2. Short Lock-In Period
ELSS has a relatively short lock-in period of just three years, the lowest among tax-saving investments. It means your money is not tied up for an extended duration, providing liquidity and flexibility compared to other tax-saving options with longer lock-in periods.
3. Capability of Higher Returns
ELSS primarily invests in the equity market, offering the potential for higher returns. Historically, equities have demonstrated the ability to outperform other asset classes over the long term. ELSS, by its equity exposure, allows investors to participate in the growth ability of the stock market.

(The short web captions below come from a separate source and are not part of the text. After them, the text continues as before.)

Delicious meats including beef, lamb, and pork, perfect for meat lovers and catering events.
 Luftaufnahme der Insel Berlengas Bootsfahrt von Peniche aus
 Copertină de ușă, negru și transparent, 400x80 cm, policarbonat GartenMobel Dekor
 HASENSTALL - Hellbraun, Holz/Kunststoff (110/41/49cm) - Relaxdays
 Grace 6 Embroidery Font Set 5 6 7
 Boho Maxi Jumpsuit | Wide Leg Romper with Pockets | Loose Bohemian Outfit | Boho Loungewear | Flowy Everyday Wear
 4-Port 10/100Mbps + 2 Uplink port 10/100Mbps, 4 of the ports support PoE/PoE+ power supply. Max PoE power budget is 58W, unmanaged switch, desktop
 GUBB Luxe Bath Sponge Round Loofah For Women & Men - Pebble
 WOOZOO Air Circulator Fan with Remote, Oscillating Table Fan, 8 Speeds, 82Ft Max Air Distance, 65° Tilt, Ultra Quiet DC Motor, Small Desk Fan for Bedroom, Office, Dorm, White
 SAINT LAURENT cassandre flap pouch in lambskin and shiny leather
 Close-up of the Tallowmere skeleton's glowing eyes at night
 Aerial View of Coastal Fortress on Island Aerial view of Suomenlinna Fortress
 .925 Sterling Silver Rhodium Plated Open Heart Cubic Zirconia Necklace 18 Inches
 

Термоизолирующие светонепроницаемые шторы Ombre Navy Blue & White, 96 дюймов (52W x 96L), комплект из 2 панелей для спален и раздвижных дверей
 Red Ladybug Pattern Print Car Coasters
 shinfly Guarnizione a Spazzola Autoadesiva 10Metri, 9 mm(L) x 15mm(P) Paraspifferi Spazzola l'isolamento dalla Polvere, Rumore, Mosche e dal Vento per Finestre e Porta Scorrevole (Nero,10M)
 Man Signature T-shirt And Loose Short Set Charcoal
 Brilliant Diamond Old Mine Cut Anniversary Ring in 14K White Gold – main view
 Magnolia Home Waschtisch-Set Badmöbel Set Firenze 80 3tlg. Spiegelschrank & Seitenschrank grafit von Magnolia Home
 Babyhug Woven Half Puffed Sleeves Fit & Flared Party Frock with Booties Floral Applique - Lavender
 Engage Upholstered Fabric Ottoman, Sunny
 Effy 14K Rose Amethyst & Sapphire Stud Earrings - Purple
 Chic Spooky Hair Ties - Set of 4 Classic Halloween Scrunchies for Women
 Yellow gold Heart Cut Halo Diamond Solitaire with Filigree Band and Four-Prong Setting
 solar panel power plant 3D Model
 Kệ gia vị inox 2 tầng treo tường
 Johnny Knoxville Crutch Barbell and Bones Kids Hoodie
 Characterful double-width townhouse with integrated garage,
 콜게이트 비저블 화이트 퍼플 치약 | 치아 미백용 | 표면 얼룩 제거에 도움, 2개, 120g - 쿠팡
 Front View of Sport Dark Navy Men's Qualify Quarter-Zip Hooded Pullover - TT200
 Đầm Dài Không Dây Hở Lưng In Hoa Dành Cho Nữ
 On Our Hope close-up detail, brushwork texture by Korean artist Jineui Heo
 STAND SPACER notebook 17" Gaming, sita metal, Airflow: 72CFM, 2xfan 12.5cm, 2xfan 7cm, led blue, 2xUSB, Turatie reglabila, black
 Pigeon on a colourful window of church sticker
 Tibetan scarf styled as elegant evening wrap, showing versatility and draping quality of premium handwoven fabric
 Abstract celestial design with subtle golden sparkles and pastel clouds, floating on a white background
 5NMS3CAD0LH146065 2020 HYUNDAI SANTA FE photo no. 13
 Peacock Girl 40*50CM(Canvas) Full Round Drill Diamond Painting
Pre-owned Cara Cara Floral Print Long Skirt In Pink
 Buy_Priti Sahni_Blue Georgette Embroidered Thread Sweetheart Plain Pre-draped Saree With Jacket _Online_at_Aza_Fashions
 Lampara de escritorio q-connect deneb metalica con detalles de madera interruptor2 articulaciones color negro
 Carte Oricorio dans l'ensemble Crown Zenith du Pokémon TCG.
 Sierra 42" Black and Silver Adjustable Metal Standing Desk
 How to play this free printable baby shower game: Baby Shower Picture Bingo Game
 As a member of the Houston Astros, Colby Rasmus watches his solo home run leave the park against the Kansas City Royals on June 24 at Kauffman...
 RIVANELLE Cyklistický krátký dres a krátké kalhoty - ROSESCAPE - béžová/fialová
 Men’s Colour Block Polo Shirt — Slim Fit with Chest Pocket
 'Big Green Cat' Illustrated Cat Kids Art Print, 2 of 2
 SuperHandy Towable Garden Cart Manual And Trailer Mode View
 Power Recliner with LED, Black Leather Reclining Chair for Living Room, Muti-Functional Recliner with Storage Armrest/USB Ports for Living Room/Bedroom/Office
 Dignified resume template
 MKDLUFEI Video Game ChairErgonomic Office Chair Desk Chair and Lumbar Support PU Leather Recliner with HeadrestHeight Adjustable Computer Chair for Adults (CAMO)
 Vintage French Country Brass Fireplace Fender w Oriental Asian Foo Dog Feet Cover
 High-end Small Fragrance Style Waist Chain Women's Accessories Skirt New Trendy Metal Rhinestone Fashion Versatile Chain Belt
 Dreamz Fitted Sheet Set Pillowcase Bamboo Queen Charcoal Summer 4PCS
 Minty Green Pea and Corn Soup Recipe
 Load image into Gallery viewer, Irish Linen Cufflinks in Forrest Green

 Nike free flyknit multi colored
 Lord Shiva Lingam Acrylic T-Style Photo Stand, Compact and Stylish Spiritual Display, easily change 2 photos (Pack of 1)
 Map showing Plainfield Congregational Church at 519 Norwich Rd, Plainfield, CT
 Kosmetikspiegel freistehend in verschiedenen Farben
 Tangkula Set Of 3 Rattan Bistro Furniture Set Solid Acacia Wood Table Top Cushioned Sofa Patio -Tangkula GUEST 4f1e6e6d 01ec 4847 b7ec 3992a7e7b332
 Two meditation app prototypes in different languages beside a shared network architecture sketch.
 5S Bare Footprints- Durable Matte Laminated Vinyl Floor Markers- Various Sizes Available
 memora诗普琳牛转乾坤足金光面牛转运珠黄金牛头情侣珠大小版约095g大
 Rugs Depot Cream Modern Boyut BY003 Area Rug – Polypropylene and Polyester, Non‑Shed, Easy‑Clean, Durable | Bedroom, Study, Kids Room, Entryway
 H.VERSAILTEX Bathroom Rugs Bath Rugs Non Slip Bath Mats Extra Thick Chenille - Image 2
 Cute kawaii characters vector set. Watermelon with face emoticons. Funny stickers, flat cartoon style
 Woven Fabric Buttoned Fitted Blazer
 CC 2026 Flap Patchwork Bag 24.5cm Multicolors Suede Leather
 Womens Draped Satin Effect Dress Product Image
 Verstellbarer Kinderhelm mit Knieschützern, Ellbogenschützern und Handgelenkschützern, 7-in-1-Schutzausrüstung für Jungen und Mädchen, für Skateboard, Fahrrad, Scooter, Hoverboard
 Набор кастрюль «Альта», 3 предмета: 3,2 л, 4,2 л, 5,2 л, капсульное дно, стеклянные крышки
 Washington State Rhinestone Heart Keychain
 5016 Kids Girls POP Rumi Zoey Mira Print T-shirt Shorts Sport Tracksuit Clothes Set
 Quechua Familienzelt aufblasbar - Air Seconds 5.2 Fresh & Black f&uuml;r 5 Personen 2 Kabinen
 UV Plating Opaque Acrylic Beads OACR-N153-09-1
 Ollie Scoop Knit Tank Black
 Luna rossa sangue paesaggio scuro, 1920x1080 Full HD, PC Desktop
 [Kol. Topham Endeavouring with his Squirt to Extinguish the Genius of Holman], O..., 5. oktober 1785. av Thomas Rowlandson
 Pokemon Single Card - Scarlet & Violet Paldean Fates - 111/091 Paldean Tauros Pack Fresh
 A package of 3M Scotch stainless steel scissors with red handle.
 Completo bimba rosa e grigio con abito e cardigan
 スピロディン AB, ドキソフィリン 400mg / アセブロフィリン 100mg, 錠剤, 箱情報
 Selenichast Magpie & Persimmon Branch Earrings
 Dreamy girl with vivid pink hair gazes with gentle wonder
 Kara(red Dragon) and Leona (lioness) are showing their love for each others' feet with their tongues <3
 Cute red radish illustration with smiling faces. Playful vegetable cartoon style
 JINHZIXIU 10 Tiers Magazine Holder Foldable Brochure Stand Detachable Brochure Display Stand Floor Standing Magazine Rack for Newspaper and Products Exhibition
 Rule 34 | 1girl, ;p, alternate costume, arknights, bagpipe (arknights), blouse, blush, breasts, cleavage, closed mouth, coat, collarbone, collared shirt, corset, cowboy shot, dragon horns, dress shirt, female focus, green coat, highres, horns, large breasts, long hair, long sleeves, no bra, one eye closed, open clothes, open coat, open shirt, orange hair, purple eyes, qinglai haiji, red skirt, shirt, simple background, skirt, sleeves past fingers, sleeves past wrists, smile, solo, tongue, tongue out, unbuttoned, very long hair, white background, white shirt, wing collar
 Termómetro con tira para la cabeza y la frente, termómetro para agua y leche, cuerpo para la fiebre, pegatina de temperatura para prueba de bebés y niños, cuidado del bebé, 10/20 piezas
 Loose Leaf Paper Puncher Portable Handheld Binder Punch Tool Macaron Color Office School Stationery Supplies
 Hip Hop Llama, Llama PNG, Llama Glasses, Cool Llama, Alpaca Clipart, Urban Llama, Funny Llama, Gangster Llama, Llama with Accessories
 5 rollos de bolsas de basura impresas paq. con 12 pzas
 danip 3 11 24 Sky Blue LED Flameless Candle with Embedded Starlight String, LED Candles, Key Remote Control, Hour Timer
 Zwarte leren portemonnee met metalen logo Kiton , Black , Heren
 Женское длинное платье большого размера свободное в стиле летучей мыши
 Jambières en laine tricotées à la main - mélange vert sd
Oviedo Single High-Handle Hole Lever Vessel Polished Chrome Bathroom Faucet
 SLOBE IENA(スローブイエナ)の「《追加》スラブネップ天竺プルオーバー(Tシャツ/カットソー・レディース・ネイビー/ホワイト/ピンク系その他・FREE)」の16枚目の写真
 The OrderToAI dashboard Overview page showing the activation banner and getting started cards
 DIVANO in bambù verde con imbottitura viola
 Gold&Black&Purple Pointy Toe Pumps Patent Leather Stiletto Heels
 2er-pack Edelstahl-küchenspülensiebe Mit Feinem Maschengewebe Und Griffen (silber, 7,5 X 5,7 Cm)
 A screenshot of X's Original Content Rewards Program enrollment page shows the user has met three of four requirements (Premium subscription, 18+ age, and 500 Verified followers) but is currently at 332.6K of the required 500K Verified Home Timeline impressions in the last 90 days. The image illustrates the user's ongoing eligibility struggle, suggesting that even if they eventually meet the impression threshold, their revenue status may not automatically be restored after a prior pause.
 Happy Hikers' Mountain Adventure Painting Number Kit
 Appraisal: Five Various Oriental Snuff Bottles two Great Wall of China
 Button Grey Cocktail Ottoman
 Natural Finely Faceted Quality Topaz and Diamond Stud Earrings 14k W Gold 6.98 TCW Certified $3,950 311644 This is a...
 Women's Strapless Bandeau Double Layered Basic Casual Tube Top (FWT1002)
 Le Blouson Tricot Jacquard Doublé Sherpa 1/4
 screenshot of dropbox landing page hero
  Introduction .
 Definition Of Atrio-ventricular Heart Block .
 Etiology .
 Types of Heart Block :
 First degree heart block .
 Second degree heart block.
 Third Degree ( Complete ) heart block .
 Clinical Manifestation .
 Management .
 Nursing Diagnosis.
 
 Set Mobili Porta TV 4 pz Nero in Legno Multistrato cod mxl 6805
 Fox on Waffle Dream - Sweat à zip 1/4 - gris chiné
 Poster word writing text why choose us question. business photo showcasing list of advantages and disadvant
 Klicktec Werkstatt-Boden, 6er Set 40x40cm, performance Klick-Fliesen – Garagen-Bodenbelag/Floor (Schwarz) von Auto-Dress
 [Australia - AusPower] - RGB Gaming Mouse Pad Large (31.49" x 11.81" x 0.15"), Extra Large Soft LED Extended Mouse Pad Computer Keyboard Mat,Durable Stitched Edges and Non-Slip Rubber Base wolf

4. Systematic Investment Plans (SIPs)
ELSS funds allow investors to start with a Systematic Investment Plan (SIP), enabling them to invest minimum amounts regularly. SIPs promote disciplined investing, reduce the impact of market volatility, and make investing more accessible to individuals with varying budget sizes.
5. Professional Fund Management
Experienced and skilled fund managers manage ELSS funds. These professionals analyze market trends, conduct thorough research, and make strategic investment decisions on behalf of investors. This expertise helps in optimizing returns and managing risks effectively.
6. Diversification
ELSS portfolios are diversified across various stocks and sectors. Diversification is a risk management strategy that spreads investments, reducing the impact of poor performance in a particular stock or sector. This diversification helps in maintaining a balanced and resilient investment portfolio.
The Bottom Line
ELSS schemes emerge as a powerful tool for tax saving with the potential for good returns. The combination of various benefits like tax, wealth creation, professional management, and liquidity make ELSS a perfect option for investors looking for a balanced approach to their financial planning.
However, it’s essential to remember that investing always carries some type of risk, and past performance doesn’t show future results. So, before making any investment decisions, it’s recommended to consult with a financial advisor to align your investment strategy with financial objectives and risk tolerance.